While the endorsement has been expected for weeks, it is still a coup for Clinton ahead of the Super Tuesday contests, in which Latino voters are expected to play a major role in deciding the Democratic nominee in states like Texas, Colorado and Georgia.

The PAC is chaired by a Clinton supporter, California Rep. Tony Cardenas, and the caucus is headed by California Rep. Linda Sanchez, another supporter of Clinton, who finds herself in a surprisingly tight race against Sen. Bernie Sanders of Vermont.

“Hillary Clinton has been a champion for the Latino community all her life and is fighting to address issues like making college affordable, creating jobs, keeping neighborhoods safe and increasing opportunity for all – but these are not just Latino issues, they are American issues," Cardenas said in a press release. 

He added: "Although we respect Sen. Bernie Sanders, he has failed to stand with our community time and time again on issues that mattered most to us, voting against Hillary and Ted Kennedy’s 2007 comprehensive immigration bill six times – effectively killing our ability to make immigration reform a reality."

Throughout the campaign, a number of high profile leader leaders have hit Sanders on his vote against the 2007 immigration bill.

“Bernie Sanders really hurt us on immigration reform,” labor rights activist Dolores Huerta told Fox News Latino earlier in February. “In 2007, we had a great opportunity to get immigration reform passed. Sen. John McCain was at the table, Sen. Ted Kennedy was pushing that immigration reform bill and we could have gotten that bill out of the Senate and into the House and passed immigration reform.”

Only one member of the caucus has thrown his support behind Sanders. Arizona Rep. Raul Grijalva, who hit the campaign trail for the iconoclastic lawmaker ahead of the Nevada caucus.
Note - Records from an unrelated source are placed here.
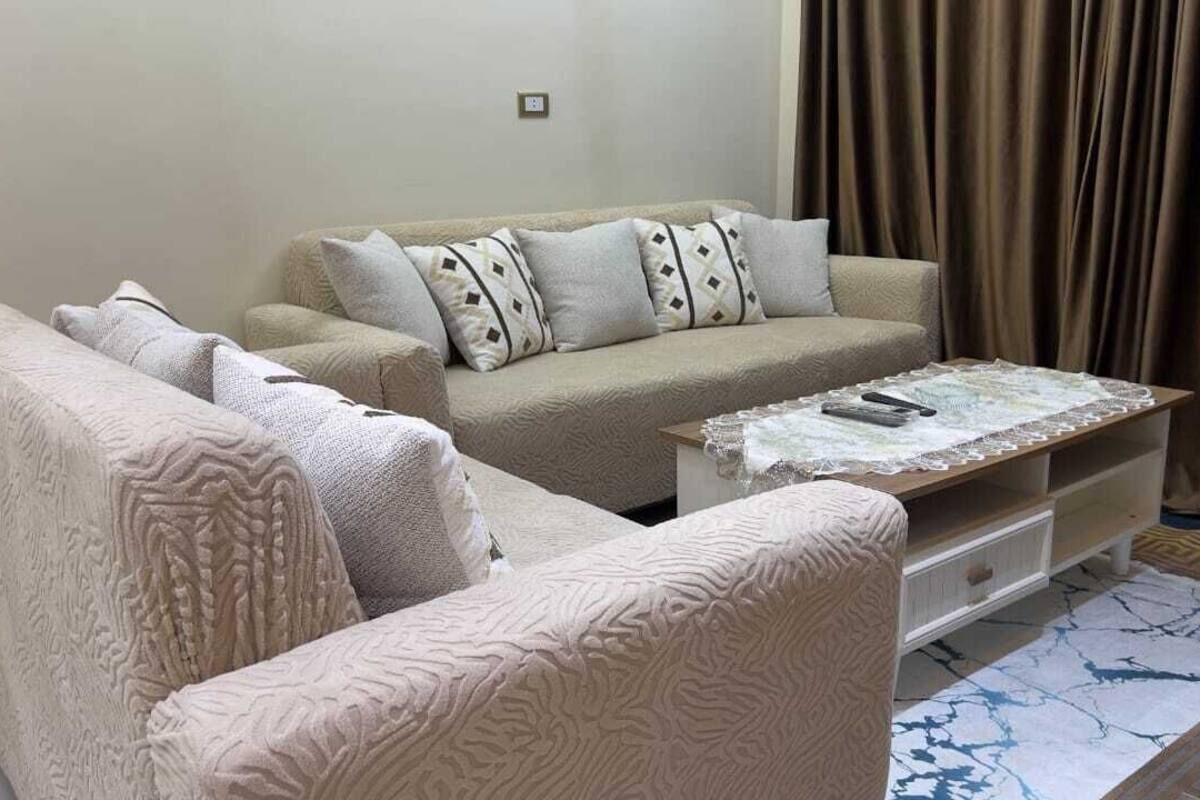 A living room with a beige sofa set, a coffee table, and a patterned rug.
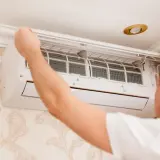 Technik sprawdza filtry klimatyzatora. Czy montaż klimatyzacji wymaga zgłoszenia? Zależy od przepisów.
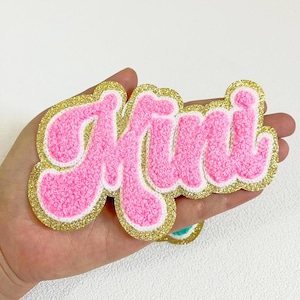 May include: Pink and gold felt letter patch with the name "Kimi" in a retro style font.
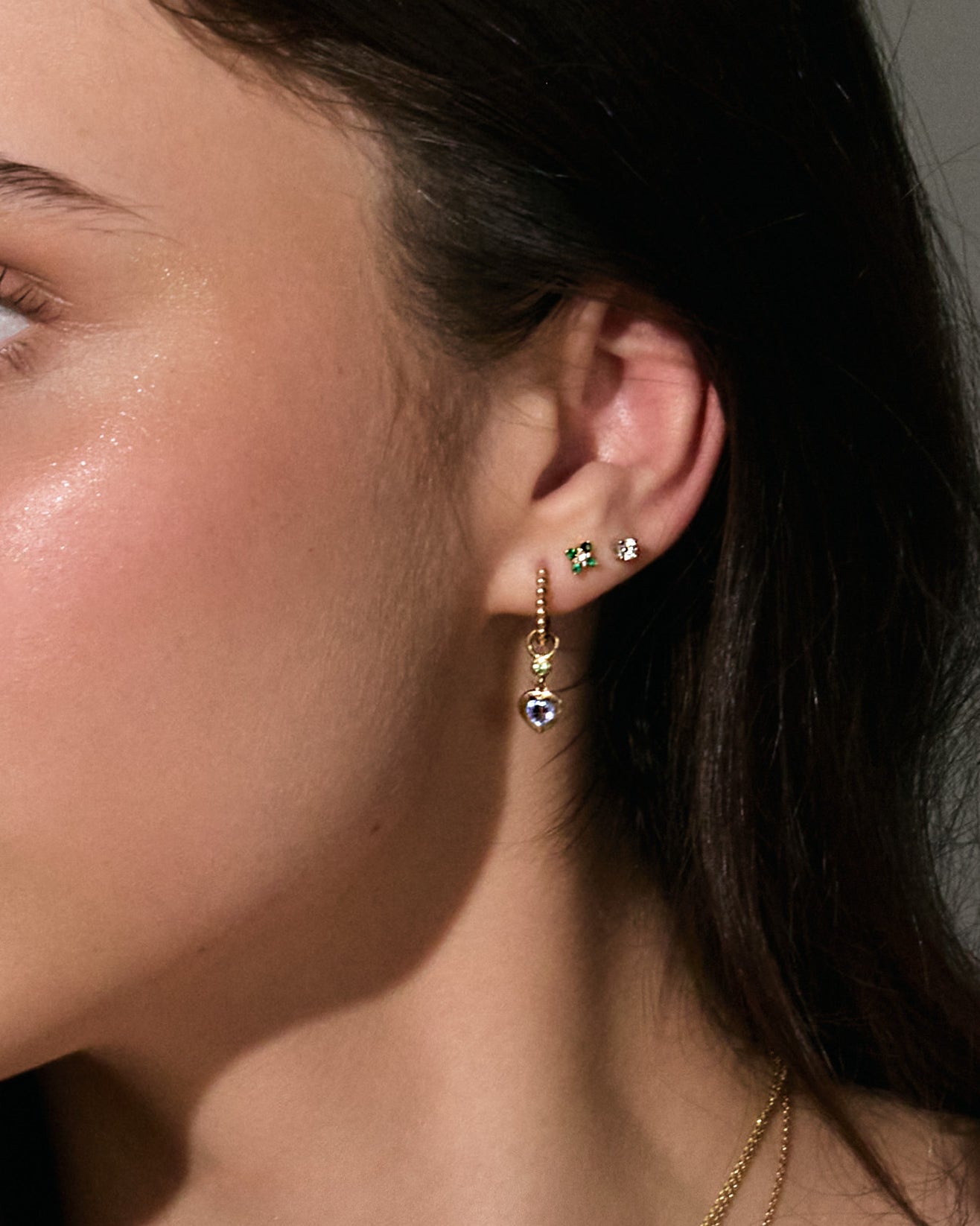 Close-up of a woman wearing stud 0,20cts diamond earrings, emerald earrings and hoop earrings with a neutral background
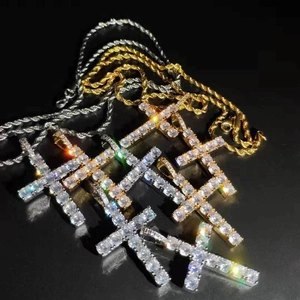 Dettaglio di ciondoli a croce hip hop in oro e argento con pavé di zirconi su catene a corda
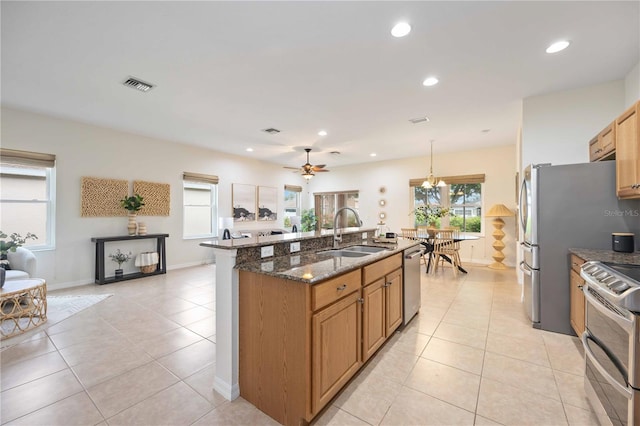 kitchen featuring light tile patterned floors, visible vents, appliances with stainless steel finishes, a sink, and dark stone counters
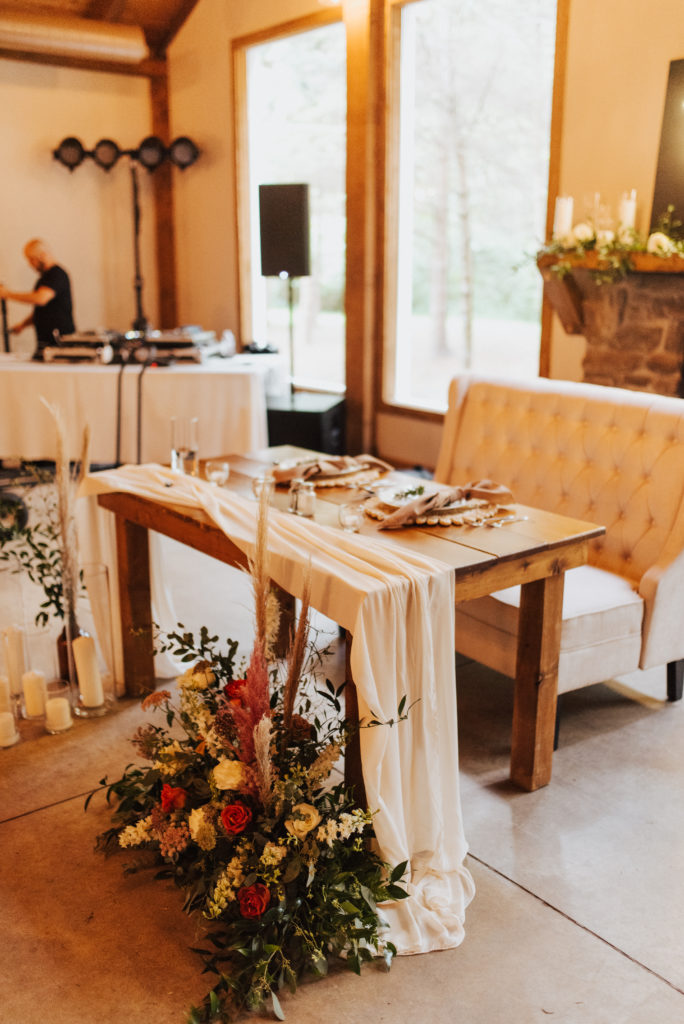 Sweetheart table at reception Pine Tree Barn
Grijalva is one of just four members of Congress backing Sanders’ White House bid.

In early battleground states, Clinton has relied heavily on the support of minority voters – particularly Latinos and African-Americans – and while she has recently seen some of them, particularly younger voters, move toward the Sanders camp, she maintains a solid lead among both groups.

A recent poll conducted by the Washington Post shows Hillary Clinton winning 57 percent of the Latino vote, compared to just 28 percent going to Sanders.

In Texas, which has 4.8 million eligible Latino voters, Clinton also holds a commanding lead in the polls – holding 59 percent of the vote to Sanders’ 38 percent.

“It’s not about who says the right things to the Latino community – it’s about who can actually deliver for all working families," Sanchez said. "For me – and for all of us here – Hillary Clinton is the only choice.”